• Provided material:
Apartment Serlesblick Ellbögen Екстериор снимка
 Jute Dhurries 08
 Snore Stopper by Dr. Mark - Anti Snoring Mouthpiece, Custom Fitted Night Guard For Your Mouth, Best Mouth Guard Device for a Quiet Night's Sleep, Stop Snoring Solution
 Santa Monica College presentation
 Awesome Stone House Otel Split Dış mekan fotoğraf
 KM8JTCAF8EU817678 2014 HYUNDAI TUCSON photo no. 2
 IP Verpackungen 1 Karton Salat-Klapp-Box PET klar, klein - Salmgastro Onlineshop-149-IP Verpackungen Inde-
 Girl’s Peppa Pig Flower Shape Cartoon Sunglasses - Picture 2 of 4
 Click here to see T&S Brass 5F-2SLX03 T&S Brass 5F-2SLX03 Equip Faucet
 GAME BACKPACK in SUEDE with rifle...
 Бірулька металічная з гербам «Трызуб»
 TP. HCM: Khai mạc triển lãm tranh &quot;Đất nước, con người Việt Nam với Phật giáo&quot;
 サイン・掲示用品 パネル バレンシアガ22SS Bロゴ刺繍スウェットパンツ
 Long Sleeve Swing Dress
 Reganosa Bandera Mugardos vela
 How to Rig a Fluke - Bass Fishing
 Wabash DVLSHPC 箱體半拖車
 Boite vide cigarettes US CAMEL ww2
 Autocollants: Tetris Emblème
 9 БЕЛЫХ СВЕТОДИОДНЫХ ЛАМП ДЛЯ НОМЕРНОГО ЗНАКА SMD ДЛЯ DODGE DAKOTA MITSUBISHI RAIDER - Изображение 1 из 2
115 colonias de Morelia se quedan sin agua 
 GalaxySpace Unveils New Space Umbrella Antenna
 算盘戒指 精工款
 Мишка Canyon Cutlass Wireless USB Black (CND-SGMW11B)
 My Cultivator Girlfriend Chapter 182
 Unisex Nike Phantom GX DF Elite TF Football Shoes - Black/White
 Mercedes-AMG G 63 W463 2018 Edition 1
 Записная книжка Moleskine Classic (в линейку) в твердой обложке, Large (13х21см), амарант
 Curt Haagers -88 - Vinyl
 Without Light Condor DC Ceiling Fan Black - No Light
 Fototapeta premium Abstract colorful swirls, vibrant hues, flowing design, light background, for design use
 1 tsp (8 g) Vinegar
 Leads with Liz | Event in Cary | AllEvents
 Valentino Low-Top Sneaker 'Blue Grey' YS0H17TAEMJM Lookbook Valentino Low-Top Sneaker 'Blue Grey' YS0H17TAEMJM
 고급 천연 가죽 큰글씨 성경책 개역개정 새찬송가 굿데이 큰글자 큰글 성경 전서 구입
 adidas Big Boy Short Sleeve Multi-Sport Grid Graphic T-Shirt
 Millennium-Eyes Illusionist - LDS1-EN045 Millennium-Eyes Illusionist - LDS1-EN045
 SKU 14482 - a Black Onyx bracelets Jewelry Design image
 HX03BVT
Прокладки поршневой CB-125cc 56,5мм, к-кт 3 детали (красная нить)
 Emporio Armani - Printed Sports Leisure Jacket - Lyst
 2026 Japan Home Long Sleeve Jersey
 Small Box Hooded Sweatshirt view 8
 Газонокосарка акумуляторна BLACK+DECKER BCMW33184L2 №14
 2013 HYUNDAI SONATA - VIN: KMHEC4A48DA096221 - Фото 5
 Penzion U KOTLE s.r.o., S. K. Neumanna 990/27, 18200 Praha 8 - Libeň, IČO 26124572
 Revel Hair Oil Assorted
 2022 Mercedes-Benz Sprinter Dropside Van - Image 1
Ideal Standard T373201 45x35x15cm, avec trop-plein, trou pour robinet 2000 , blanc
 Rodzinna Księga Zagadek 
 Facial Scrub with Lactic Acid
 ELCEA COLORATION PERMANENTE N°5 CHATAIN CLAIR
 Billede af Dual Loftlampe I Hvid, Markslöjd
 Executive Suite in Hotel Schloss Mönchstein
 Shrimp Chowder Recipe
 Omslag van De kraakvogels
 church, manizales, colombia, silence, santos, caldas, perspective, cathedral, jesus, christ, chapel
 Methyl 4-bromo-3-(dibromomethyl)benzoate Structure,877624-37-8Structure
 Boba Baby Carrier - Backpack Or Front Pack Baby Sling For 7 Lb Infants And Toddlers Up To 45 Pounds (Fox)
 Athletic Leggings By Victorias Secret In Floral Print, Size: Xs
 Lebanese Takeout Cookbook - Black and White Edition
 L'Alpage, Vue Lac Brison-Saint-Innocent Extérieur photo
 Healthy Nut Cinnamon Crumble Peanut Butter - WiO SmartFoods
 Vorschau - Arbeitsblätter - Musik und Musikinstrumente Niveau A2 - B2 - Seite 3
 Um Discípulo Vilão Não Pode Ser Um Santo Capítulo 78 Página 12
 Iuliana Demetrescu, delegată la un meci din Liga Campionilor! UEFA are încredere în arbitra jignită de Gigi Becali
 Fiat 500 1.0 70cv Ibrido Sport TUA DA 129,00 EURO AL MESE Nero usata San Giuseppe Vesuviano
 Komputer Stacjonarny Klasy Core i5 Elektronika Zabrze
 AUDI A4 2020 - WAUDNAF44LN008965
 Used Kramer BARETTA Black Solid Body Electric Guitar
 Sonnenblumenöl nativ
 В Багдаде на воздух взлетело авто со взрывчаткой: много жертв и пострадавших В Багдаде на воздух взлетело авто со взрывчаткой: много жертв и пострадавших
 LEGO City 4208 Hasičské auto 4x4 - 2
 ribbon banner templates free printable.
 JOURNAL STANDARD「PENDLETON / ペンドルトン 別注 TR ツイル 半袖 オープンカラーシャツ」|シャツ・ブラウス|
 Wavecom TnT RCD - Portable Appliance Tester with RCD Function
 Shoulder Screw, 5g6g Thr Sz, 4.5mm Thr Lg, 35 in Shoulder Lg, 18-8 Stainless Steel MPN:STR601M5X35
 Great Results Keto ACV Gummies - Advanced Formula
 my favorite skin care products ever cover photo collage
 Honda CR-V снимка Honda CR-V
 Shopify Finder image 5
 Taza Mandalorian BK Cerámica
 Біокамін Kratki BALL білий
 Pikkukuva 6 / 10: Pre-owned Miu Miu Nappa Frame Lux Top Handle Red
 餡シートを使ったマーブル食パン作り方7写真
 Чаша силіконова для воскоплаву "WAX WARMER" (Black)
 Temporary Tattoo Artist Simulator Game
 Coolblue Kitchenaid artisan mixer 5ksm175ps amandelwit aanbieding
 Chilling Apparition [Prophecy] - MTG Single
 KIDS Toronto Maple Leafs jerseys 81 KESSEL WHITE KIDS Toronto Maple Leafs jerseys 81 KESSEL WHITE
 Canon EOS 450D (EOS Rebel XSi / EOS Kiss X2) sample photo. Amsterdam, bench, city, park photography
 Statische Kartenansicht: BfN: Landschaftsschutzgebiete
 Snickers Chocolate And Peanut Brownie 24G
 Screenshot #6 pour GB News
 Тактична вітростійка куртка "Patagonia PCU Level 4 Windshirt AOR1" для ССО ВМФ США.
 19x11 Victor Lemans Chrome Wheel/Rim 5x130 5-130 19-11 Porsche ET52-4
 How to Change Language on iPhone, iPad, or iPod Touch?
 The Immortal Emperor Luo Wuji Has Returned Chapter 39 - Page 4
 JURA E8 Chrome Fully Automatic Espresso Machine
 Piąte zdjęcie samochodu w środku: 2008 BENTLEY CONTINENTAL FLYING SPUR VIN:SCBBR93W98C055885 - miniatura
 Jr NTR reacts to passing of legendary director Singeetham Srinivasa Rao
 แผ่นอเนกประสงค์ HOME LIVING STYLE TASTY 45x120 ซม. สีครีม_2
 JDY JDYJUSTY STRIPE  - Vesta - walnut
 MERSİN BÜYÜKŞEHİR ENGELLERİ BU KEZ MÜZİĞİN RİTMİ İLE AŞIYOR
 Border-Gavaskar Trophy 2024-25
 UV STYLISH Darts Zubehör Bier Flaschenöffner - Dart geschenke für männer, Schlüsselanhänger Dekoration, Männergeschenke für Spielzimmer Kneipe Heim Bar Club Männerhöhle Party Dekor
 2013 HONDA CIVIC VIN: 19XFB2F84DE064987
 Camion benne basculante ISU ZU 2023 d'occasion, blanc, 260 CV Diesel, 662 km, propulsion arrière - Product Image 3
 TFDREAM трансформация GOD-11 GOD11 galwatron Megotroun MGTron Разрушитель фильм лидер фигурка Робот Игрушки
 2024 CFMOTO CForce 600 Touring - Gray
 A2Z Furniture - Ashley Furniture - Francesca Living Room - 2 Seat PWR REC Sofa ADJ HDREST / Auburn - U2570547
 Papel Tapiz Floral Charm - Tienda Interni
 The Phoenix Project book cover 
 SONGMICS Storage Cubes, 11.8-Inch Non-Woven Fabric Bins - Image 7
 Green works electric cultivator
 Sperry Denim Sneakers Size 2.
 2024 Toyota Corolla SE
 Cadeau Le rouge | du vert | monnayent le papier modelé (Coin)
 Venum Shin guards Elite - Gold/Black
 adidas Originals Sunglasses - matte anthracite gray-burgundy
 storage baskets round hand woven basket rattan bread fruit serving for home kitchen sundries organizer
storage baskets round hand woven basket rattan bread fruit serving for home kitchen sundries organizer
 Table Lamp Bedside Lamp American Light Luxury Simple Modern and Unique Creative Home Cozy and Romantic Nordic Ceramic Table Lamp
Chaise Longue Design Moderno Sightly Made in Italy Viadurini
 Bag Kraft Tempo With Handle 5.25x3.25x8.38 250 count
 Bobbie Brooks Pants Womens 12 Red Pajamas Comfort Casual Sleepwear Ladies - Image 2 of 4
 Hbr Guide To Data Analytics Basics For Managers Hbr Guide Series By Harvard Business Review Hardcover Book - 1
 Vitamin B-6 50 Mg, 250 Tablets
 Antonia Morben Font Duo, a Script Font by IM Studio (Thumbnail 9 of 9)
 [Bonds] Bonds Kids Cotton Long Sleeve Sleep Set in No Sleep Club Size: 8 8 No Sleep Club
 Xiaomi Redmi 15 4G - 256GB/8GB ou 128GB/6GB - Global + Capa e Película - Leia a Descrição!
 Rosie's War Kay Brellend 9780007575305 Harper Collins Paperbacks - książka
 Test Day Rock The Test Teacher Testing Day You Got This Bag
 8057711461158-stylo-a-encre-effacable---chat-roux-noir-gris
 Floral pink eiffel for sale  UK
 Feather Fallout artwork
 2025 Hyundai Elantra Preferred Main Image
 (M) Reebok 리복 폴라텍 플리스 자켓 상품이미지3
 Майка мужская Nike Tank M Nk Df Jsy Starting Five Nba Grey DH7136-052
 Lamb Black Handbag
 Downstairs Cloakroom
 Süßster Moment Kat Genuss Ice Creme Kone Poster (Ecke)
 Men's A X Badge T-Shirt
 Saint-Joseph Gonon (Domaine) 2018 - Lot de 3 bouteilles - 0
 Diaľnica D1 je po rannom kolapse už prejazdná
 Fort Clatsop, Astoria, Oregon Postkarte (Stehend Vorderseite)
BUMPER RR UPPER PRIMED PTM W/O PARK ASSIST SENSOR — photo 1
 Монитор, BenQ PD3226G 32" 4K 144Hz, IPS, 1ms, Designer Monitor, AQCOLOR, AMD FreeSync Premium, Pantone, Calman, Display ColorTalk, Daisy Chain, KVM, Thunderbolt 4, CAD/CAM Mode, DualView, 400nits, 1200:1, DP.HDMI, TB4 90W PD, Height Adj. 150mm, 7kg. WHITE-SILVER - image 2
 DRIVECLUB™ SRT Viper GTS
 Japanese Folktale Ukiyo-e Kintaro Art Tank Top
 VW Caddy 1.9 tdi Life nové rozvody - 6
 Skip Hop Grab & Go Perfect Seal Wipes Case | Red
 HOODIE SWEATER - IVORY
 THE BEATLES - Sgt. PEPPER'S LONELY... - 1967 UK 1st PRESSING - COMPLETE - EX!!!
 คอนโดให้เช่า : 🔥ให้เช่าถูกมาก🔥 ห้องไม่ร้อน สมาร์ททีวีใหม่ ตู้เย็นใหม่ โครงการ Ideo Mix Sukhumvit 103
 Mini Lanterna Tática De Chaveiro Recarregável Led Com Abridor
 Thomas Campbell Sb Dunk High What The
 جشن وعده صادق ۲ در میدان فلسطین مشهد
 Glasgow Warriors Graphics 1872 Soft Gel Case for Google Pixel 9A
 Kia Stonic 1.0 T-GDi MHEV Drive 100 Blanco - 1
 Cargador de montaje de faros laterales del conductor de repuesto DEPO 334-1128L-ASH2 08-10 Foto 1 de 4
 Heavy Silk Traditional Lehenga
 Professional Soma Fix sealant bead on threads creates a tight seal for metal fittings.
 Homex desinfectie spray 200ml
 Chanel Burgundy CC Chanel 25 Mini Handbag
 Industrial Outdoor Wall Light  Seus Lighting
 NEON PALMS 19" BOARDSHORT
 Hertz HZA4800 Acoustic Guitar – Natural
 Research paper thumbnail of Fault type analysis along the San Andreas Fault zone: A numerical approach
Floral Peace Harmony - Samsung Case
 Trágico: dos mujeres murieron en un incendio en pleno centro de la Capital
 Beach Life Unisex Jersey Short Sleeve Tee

• Task details: Looking at the data above, return every line from the one with "Pikkukuva 6 /" down to the one with "Statische Kartenansicht: BfN: Landschaftsschutzgebiete", exactly and inclusively.

• Result below:
 Pikkukuva 6 / 10: Pre-owned Miu Miu Nappa Frame Lux Top Handle Red
 餡シートを使ったマーブル食パン作り方7写真
 Чаша силіконова для воскоплаву "WAX WARMER" (Black)
 Temporary Tattoo Artist Simulator Game
 Coolblue Kitchenaid artisan mixer 5ksm175ps amandelwit aanbieding
 Chilling Apparition [Prophecy] - MTG Single
 KIDS Toronto Maple Leafs jerseys 81 KESSEL WHITE KIDS Toronto Maple Leafs jerseys 81 KESSEL WHITE
 Canon EOS 450D (EOS Rebel XSi / EOS Kiss X2) sample photo. Amsterdam, bench, city, park photography
 Statische Kartenansicht: BfN: Landschaftsschutzgebiete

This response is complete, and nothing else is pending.